[Start of Attachment]

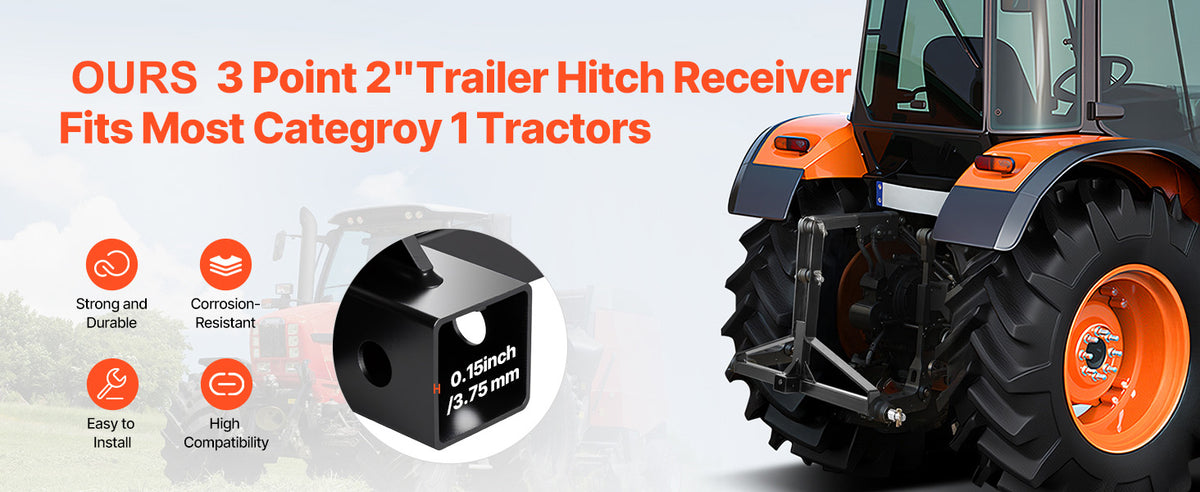 SucceBuy Attelage de remorque à 3 points avec récepteur 2 po 3pt vers 1 Tracteur 3000lbs Compatible avec Kubota Mahindra Ford Yanmar John Deere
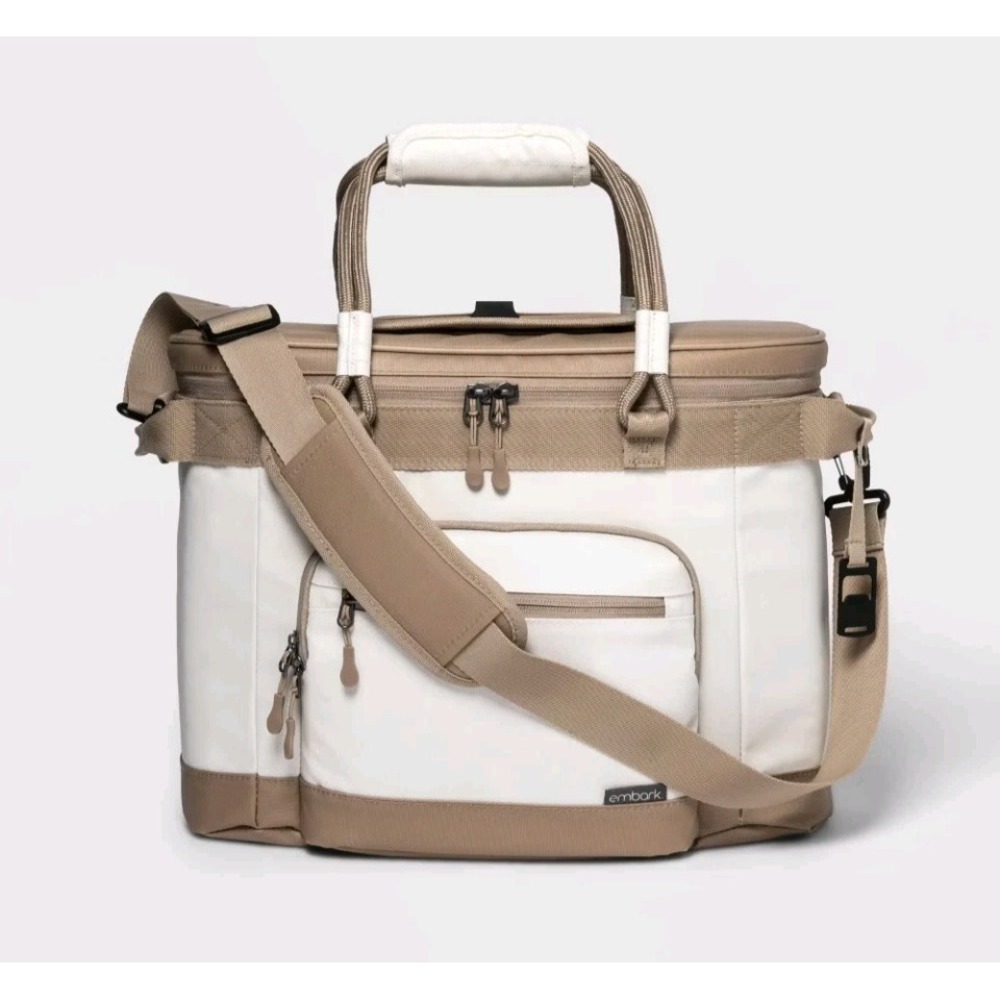 NWT Embark 30 Can Soft Sided Cooler Bag Tan Cream Shoulder Strap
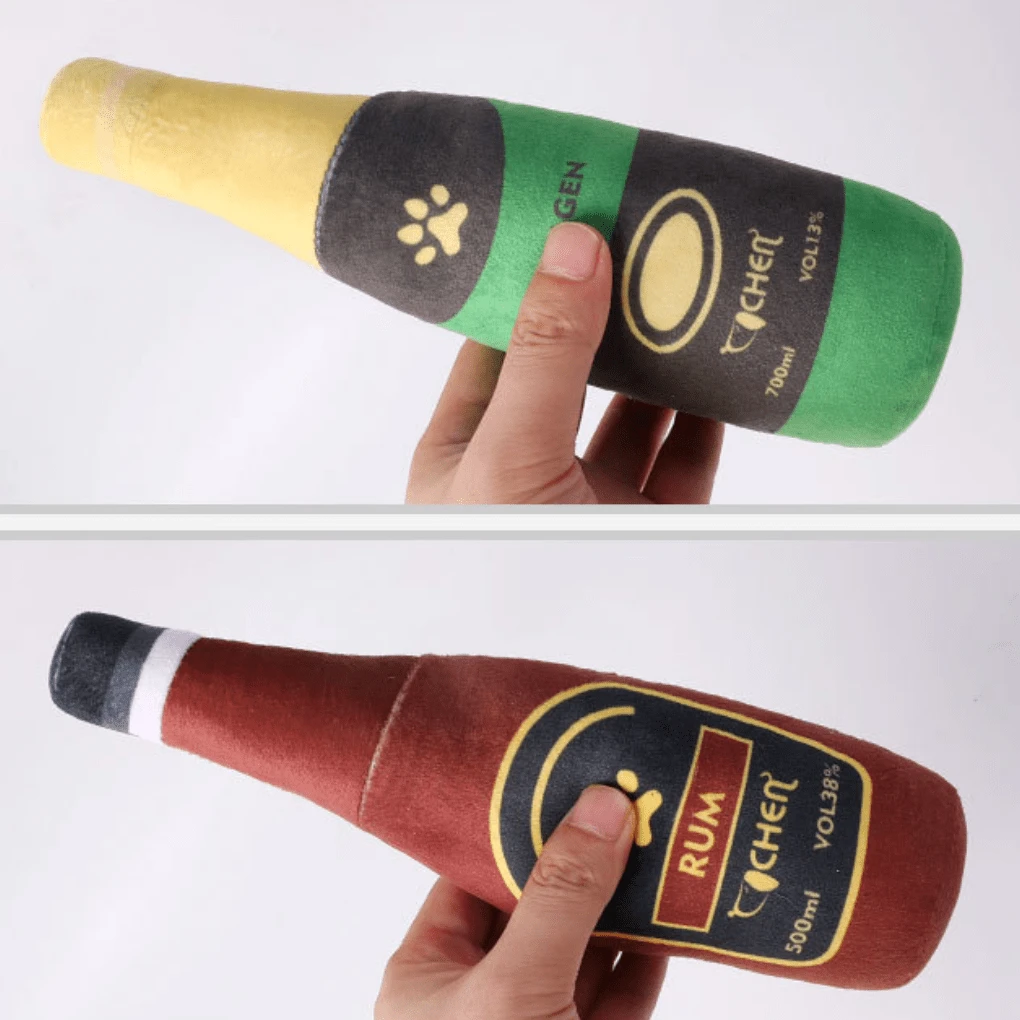 8 Side Champagne Bottle-Like Pet Chewing Toy With Sound Effect 3pc Set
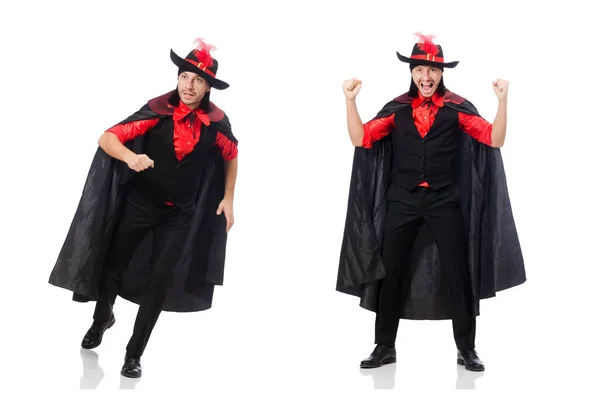 Jeune homme en manteau de carnaval isolé sur blanc — Photo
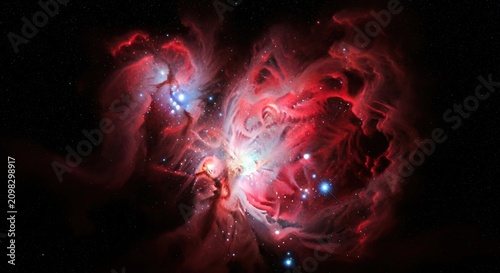 Vibrant cosmic nebula with glowing stars in deep outer space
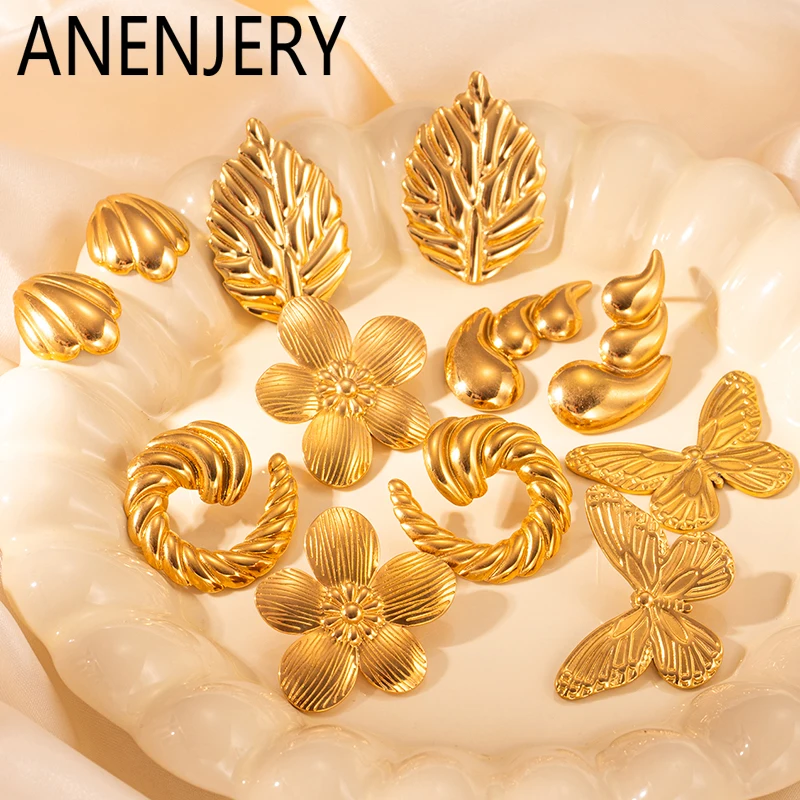 ANENJERY 316L Stainless Steel Flower Water Droplets Shell Earrings For Women French Delicate Jewelry Gifts Wholesale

[End of Attachment]

■ **Problem**: Your answer should hold only the lines from the one with "Jeune homme en" through the final line of the listing above, transcribed exactly and without pictures.

■ **Solution to this task**:
 Jeune homme en manteau de carnaval isolé sur blanc — Photo
 Vibrant cosmic nebula with glowing stars in deep outer space
 ANENJERY 316L Stainless Steel Flower Water Droplets Shell Earrings For Women French Delicate Jewelry Gifts Wholesale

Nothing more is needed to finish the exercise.